(Beginning of SUPPLIED MATERIAL)

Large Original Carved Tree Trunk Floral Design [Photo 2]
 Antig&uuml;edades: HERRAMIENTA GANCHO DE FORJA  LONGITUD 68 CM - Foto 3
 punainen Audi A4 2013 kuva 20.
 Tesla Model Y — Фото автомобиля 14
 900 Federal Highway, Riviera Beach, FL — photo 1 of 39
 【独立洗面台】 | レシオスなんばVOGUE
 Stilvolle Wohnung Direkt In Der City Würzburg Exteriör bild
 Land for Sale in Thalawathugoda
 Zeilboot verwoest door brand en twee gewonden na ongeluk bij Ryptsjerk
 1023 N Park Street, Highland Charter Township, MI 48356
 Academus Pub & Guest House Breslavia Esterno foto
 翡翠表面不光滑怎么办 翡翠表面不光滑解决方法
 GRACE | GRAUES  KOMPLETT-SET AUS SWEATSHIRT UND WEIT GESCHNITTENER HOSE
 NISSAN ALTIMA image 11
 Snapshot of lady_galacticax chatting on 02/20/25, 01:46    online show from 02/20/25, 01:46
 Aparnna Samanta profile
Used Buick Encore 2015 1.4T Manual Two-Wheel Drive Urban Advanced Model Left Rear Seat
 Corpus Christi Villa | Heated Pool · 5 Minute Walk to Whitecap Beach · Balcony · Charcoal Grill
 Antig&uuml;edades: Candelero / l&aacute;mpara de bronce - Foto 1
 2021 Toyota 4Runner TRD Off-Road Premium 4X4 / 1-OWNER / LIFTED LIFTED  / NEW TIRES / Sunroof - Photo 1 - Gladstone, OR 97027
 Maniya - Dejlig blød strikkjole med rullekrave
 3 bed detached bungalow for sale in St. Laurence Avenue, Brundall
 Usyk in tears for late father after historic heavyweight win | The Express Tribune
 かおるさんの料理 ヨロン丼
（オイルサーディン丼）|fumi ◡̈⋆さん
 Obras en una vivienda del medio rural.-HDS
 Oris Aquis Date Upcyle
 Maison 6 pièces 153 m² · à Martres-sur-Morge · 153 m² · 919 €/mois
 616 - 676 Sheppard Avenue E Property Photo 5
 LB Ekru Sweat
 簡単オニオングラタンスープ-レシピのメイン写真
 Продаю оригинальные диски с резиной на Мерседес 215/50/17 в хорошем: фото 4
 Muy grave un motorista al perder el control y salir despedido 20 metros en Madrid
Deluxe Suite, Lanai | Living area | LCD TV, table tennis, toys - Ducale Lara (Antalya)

(End of SUPPLIED MATERIAL)

In full and without changes, copy the entries above.

Large Original Carved Tree Trunk Floral Design [Photo 2]
 Antig&uuml;edades: HERRAMIENTA GANCHO DE FORJA  LONGITUD 68 CM - Foto 3
 punainen Audi A4 2013 kuva 20.
 Tesla Model Y — Фото автомобиля 14
 900 Federal Highway, Riviera Beach, FL — photo 1 of 39
 【独立洗面台】 | レシオスなんばVOGUE
 Stilvolle Wohnung Direkt In Der City Würzburg Exteriör bild
 Land for Sale in Thalawathugoda
 Zeilboot verwoest door brand en twee gewonden na ongeluk bij Ryptsjerk
 1023 N Park Street, Highland Charter Township, MI 48356
 Academus Pub & Guest House Breslavia Esterno foto
 翡翠表面不光滑怎么办 翡翠表面不光滑解决方法
 GRACE | GRAUES  KOMPLETT-SET AUS SWEATSHIRT UND WEIT GESCHNITTENER HOSE
 NISSAN ALTIMA image 11
 Snapshot of lady_galacticax chatting on 02/20/25, 01:46    online show from 02/20/25, 01:46
 Aparnna Samanta profile
Used Buick Encore 2015 1.4T Manual Two-Wheel Drive Urban Advanced Model Left Rear Seat
 Corpus Christi Villa | Heated Pool · 5 Minute Walk to Whitecap Beach · Balcony · Charcoal Grill
 Antig&uuml;edades: Candelero / l&aacute;mpara de bronce - Foto 1
 2021 Toyota 4Runner TRD Off-Road Premium 4X4 / 1-OWNER / LIFTED LIFTED  / NEW TIRES / Sunroof - Photo 1 - Gladstone, OR 97027
 Maniya - Dejlig blød strikkjole med rullekrave
 3 bed detached bungalow for sale in St. Laurence Avenue, Brundall
 Usyk in tears for late father after historic heavyweight win | The Express Tribune
 かおるさんの料理 ヨロン丼
（オイルサーディン丼）|fumi ◡̈⋆さん
 Obras en una vivienda del medio rural.-HDS
 Oris Aquis Date Upcyle
 Maison 6 pièces 153 m² · à Martres-sur-Morge · 153 m² · 919 €/mois
 616 - 676 Sheppard Avenue E Property Photo 5
 LB Ekru Sweat
 簡単オニオングラタンスープ-レシピのメイン写真
 Продаю оригинальные диски с резиной на Мерседес 215/50/17 в хорошем: фото 4
 Muy grave un motorista al perder el control y salir despedido 20 metros en Madrid
Deluxe Suite, Lanai | Living area | LCD TV, table tennis, toys - Ducale Lara (Antalya)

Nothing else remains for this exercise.